Oh it’s debate time again. I’m watching from the 651st money swallowing constituency of the UK- Europe.
This free movement of people lark is fabulous. I come over here, get a job, buy toilet paper and pay into their economy and sod off before I get old and ill and drain their health services to the bone. Oh my God that’s barely English, I should probably just sod off now.
And my parents are so proud. I’m not sure why it’s different if EU citizens come to the UK and do the same, but Farage assures us that it is, and my parents, made ever insular by life on two islands (UK and the Village), buy into his rhetoric of blame. They don’t stop to think that I’m doing exactly the same, and that they are proud of me. I try to alert them them to this fact by nice, simple, short emails with detailed footnotes but I don’t think it’s getting through and they’ve stopped answering my calls in the run up to the election.
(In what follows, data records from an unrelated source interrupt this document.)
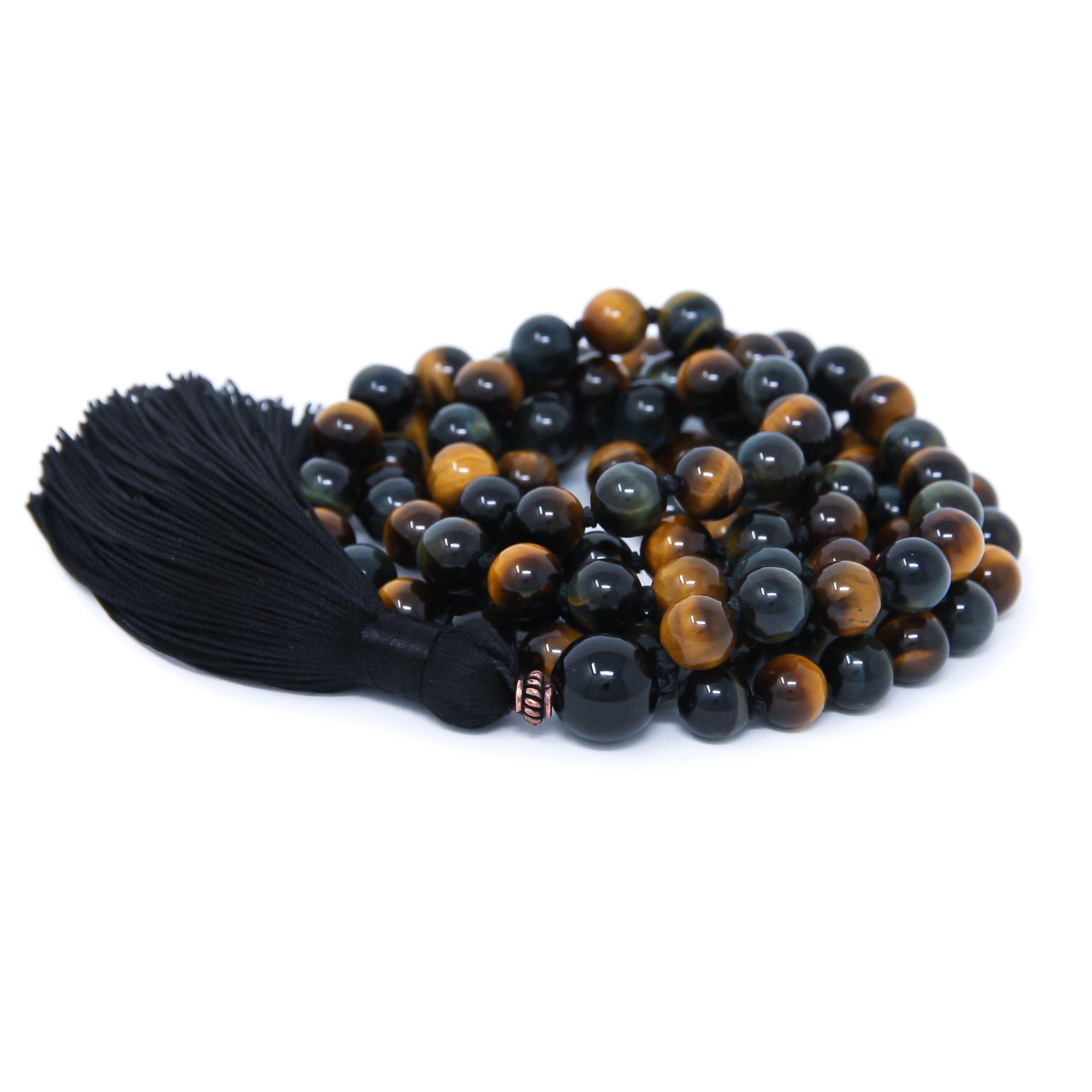 blue and yellow tiger eye knotted japa mala 108, spiritual jewelry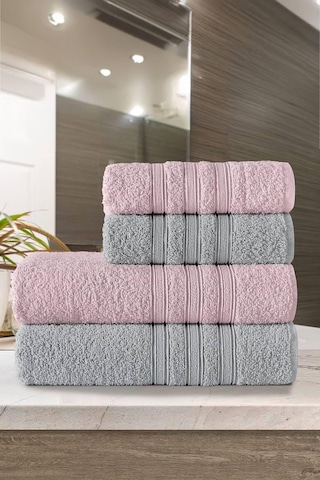 Riona Pamuklu 50x90-70x140 Cm 4'lü Banyo Havlu Seti Pembe Genel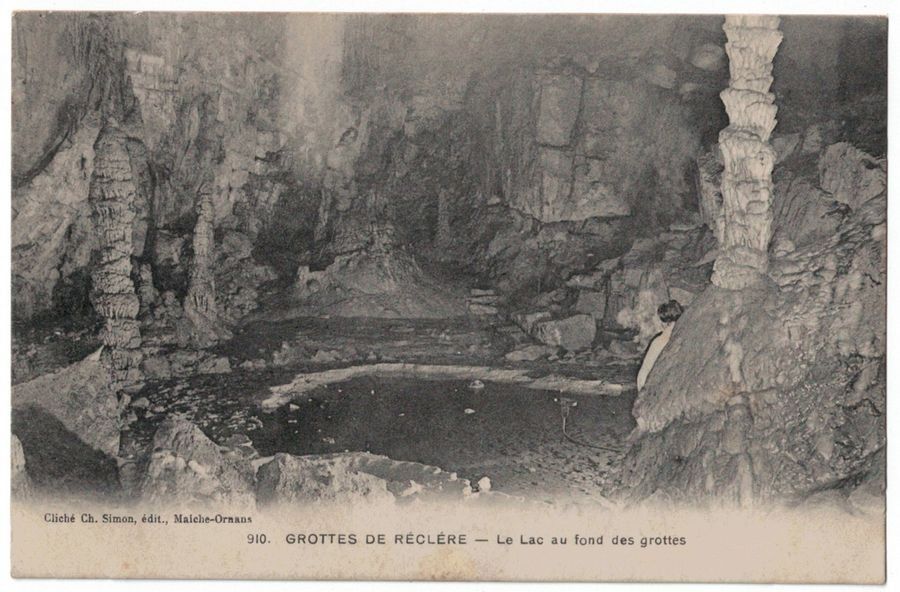 Cartoline postali: Grottes de Réclère, le lac, circulée 1911 – Usato da Frauenfeld venduto da POML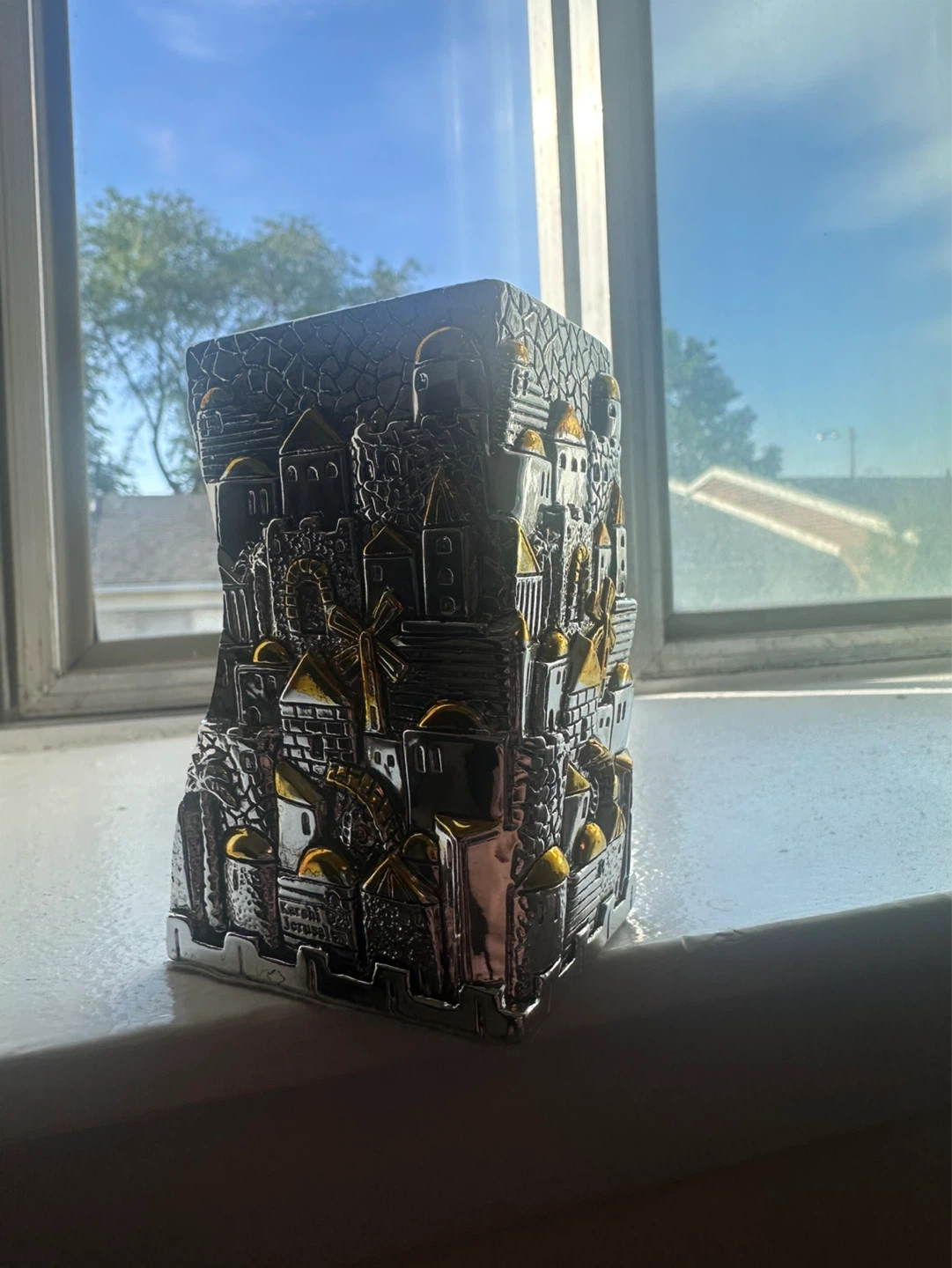 Silver Plated Decorative Candle Holder – Gold Accents - photo 3
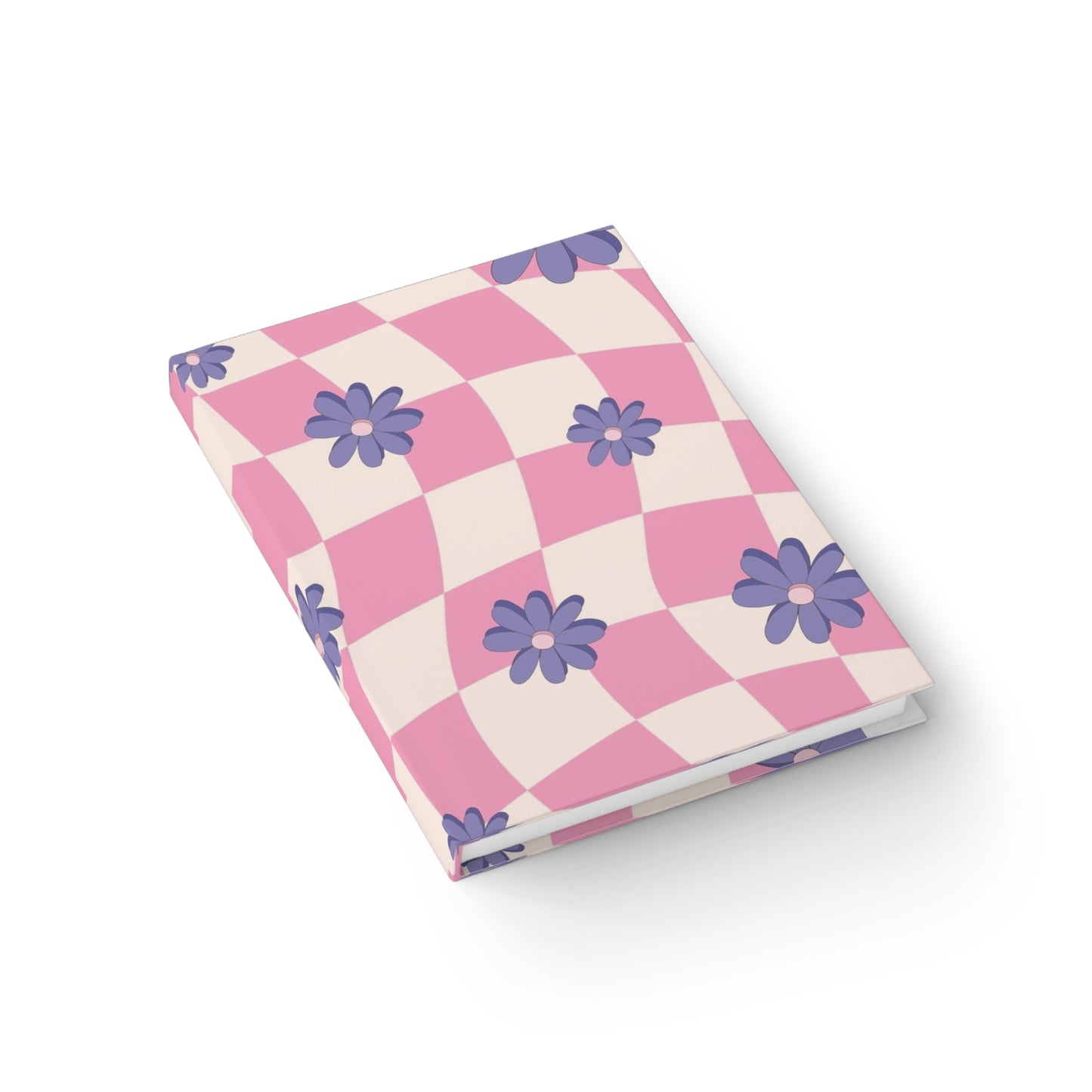 Ruled Journal — Pink Checker Daisy Notebook for Notes & Planning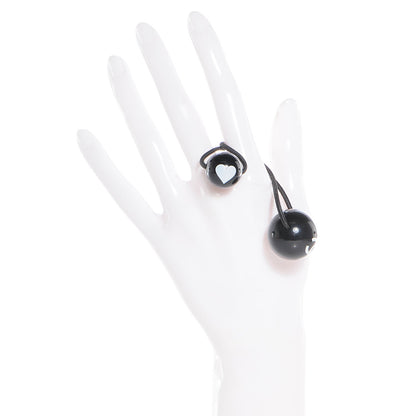 Chanel Resin CC Heart Hair Tie Black White 2 of 3
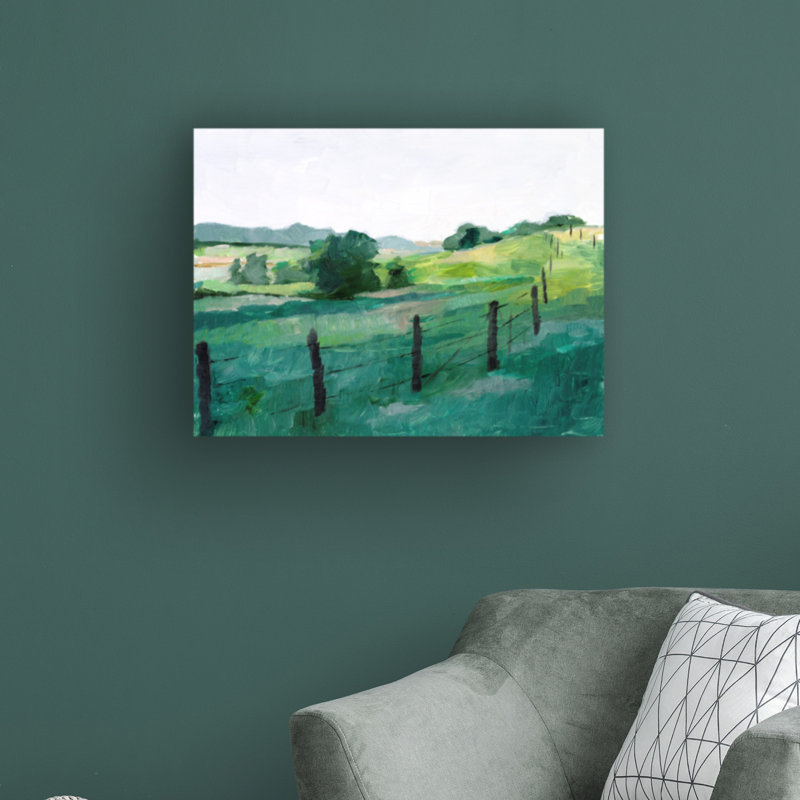«Fence Line I» par Ethan Harper - peinture sur toile tendue, H 18 po x l 24 po x P 2 po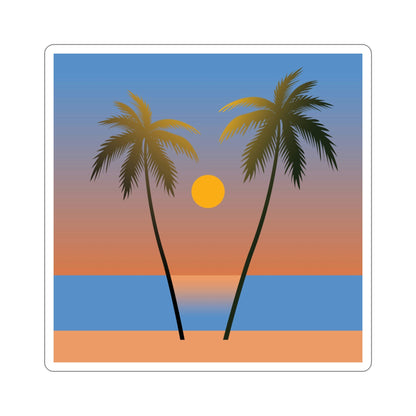 Palm Beach Sunset Minimal Art Die-Cut Sticker Ichaku [Perfect Gifts Selection]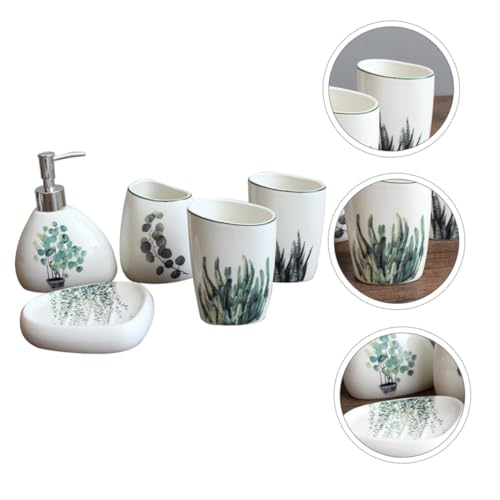 TOPPERFUN 5 Stück Teiliges Badezimmer Zubehör Waschbecher Seifenschale Tablett Personal Waschbecher Kompakt Elegantes Bad Accessoire für Sauberen und Ordentlichen Waschbereich von TOPPERFUN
In order to stop me sinking back into my orphan pit of despair, I’ll take a look at the first debate with all 7 leaders and hopefully uncover more material to email my parents, in the vain hope that they’ll see the light and start answering my calls. Because 1. I really need some summer clothes from home and 2. if they vote UKIP again, I’ll have failed as a human being because it is really not that difficult to point out how dangerous UKIP are.
Anyone who wants to see the loving emails I send my parents, please click here. Yes you may forward it to your hideously right-wing parents too.

First Impressions

Doesn’t David Cameron look a bit like he’s going to cry? I sip my tea wine (we’re an hour ahead, I don’t have to lie to you) and contemplate the rest of the bunch. Natalie Bennett seems very nervous, but you know what, I actually like that. It reminds me that she’s a real person who’s worrying about doing her best and that she hasn’t been so artificially spin doctored and stuffed with rhetoric that she can’t think for herself anymore. Unlike overconfident Farage, who was described fabulously by one Twitter user as looking like a stoned amphibian, at which I nearly had a wine #maccident. I would never stoop to comments about appearance in a serious matter like politics so all I could do was retweet.
Whilst I’m not commenting on appearance, THIS.

IMG_0927

Took me right back to these heady days, which is all I could think of during Clegg’s opening remarks.
Leanne Wood’s Welsh voice made me homesick, but if you listen carefully you can hear Farage choking in the background at the sound of a foreign accent. Awkward, you can just imagine him readying himself to throw her out before remembering the establishment has decreed we’re loving England’s half retarded offshoots beloved equal partners right now.

Yes but deficit?

Farage reminds us that national debt has now officially reached 120 trillion billion zillion according to an independent UKIP think tank and we should stop wasting 0.7% of our gross national income on stopping civilians dying in war zones.
Another huge waste of course is Europe. Everyone knows how much money we chuck across the water to Brussels and quite frankly, for what we get, it’s hideous.
Actually, I didn’t know so I googled. Apparently, the UK public expenditure is more than five times bigger than the EU budget. So the budget can’t be that ridiculous. Only 6% of the EU budget is spent on admin, 94% (yes I did that sum by myself) goes back to the member states. (Same source) The graphic on the BBC shows that the UK contributes between 0.6-0.7% of our GNI to the EU budget. En plus, ‘the UK government estimates that the single market brings in between GBP 31 billion and GBP 92 billion a year into the UK economy – or between 5 and 15 times the UK net contribution to the EU budget.’ Now, I’m not only struck by how similar the abbreviation GNI is to ginbut also how not like a waste this seems. S’ok, I’m tweeting the amphibian about it now.

Next time…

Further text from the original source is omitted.